▶ [Task]
A word-for-word copy is needed of the line containing "Personalised Baby Shower" and every line after it through the end of the records below, leaving out all pictures.

(Dataset items)

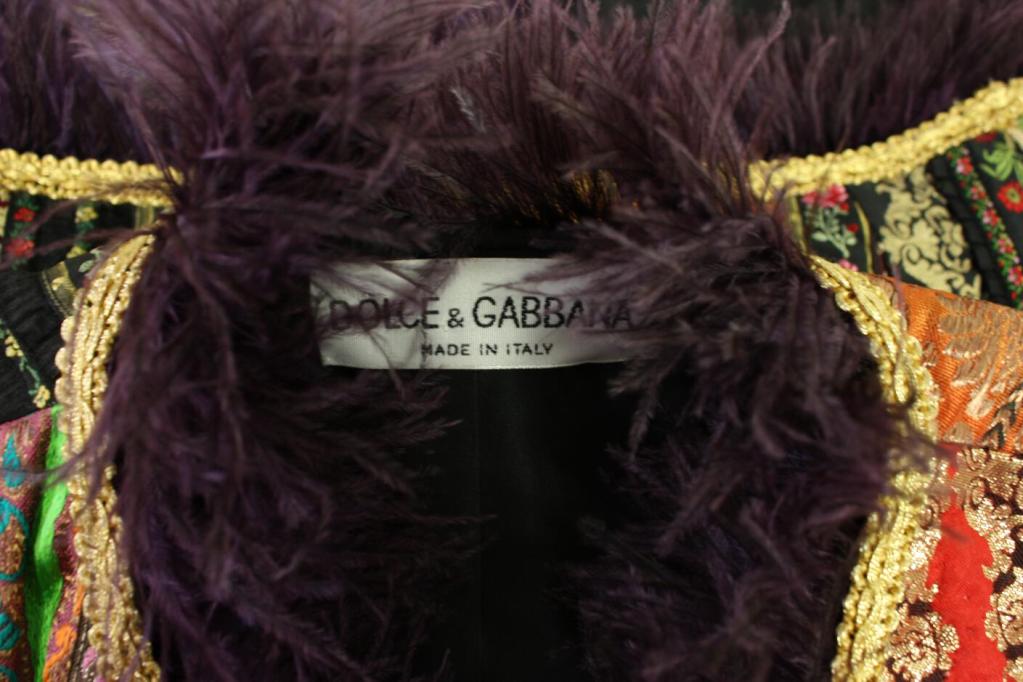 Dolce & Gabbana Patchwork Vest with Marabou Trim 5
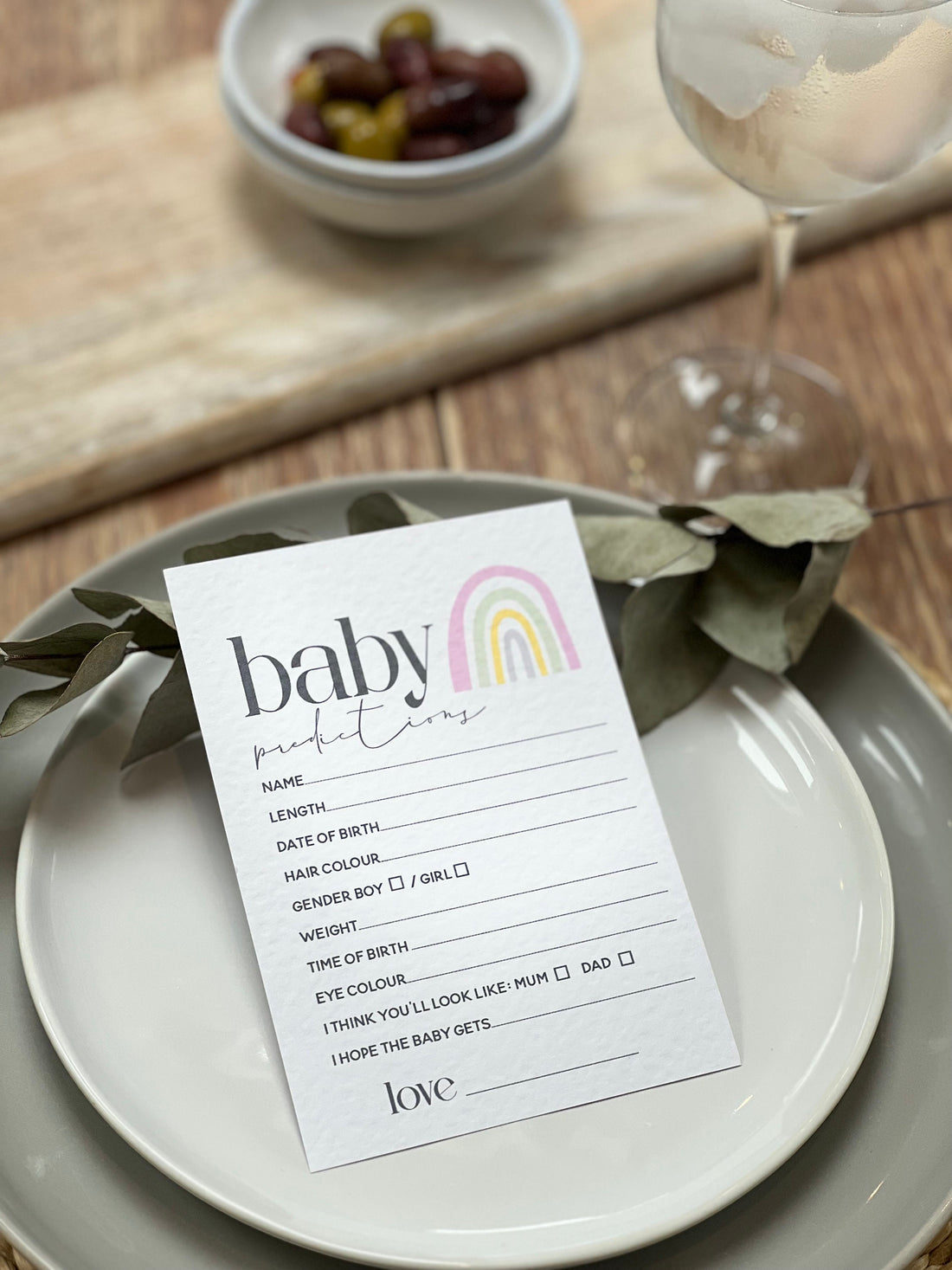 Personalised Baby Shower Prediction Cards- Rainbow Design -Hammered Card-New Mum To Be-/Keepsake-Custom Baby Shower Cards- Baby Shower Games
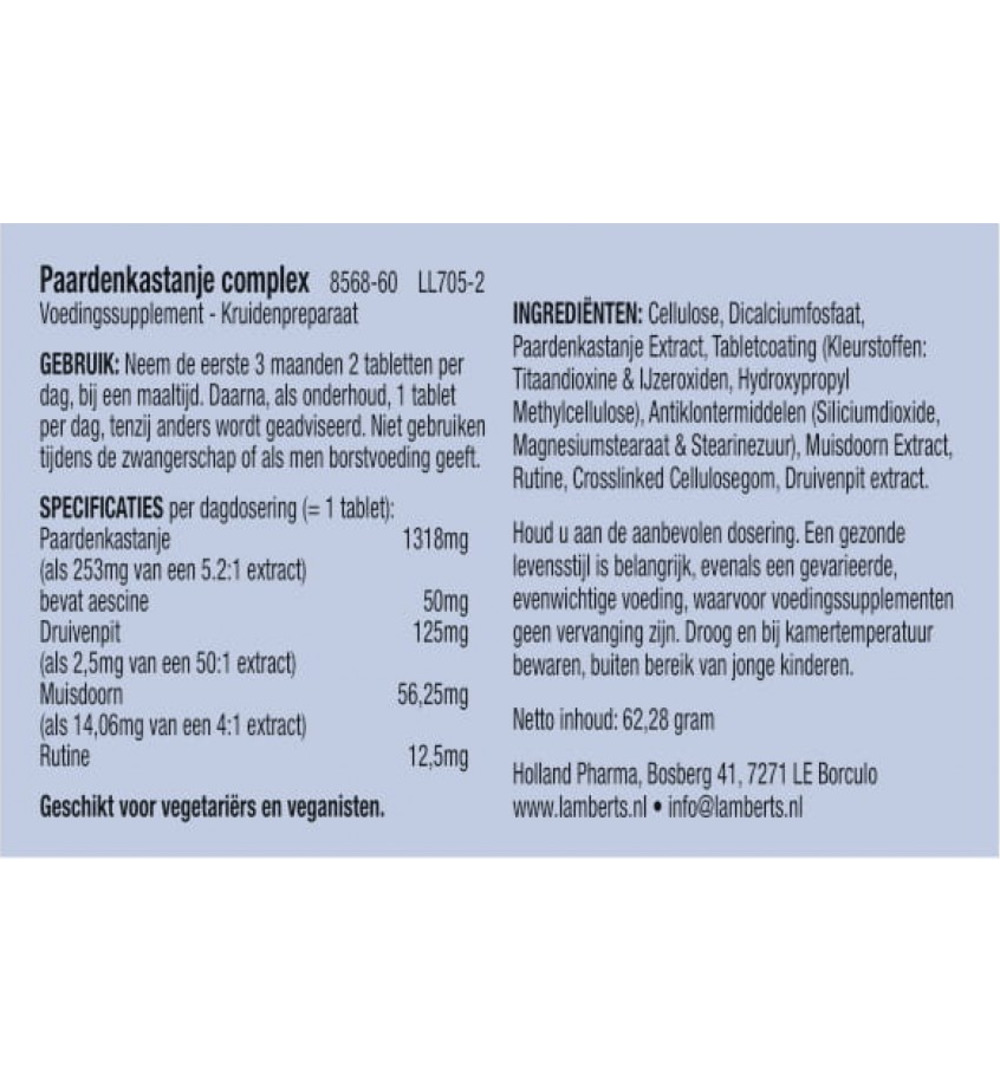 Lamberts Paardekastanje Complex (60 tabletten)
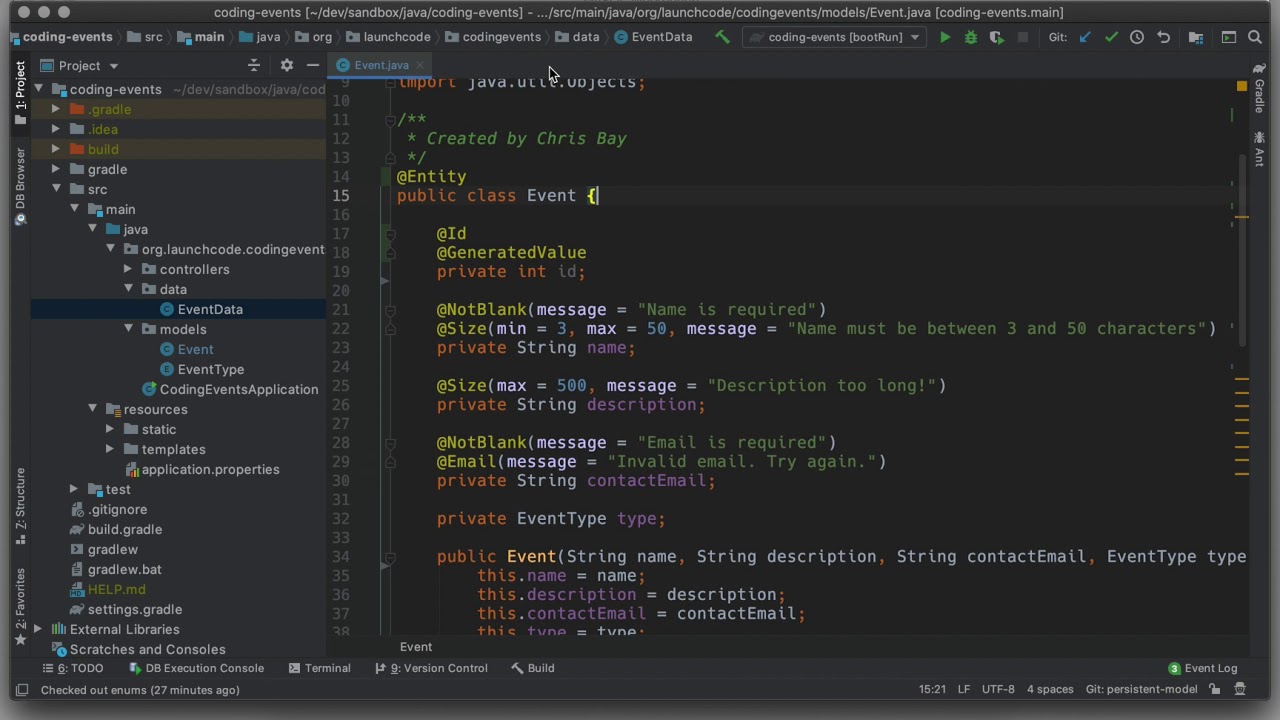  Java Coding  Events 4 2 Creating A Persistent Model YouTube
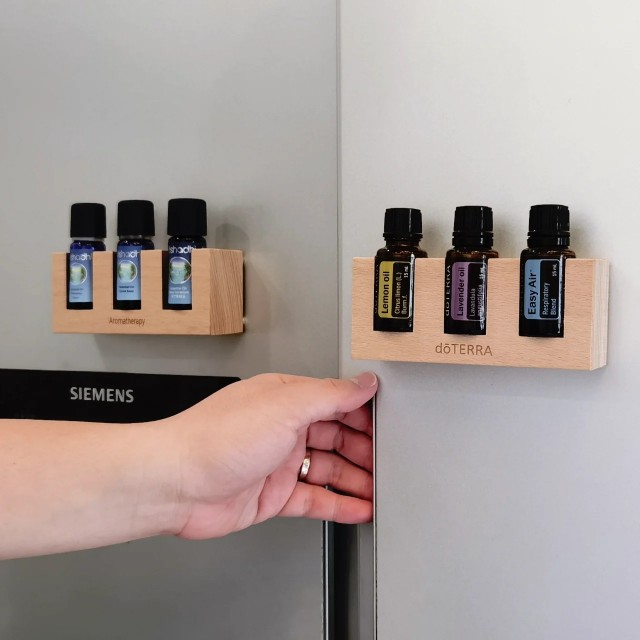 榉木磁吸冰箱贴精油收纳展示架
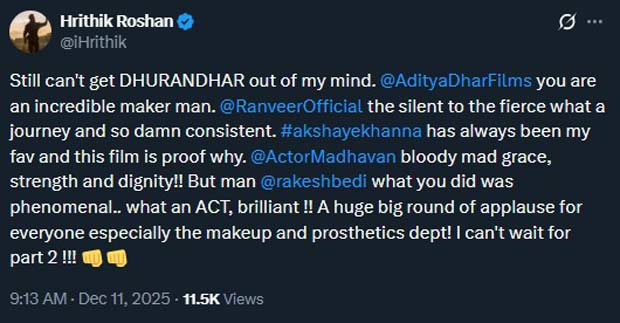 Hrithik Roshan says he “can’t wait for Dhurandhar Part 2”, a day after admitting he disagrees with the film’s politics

▶ [Task solution]
 Personalised Baby Shower Prediction Cards- Rainbow Design -Hammered Card-New Mum To Be-/Keepsake-Custom Baby Shower Cards- Baby Shower Games
 Lamberts Paardekastanje Complex (60 tabletten)
  Java Coding  Events 4 2 Creating A Persistent Model YouTube
 榉木磁吸冰箱贴精油收纳展示架
 Hrithik Roshan says he “can’t wait for Dhurandhar Part 2”, a day after admitting he disagrees with the film’s politics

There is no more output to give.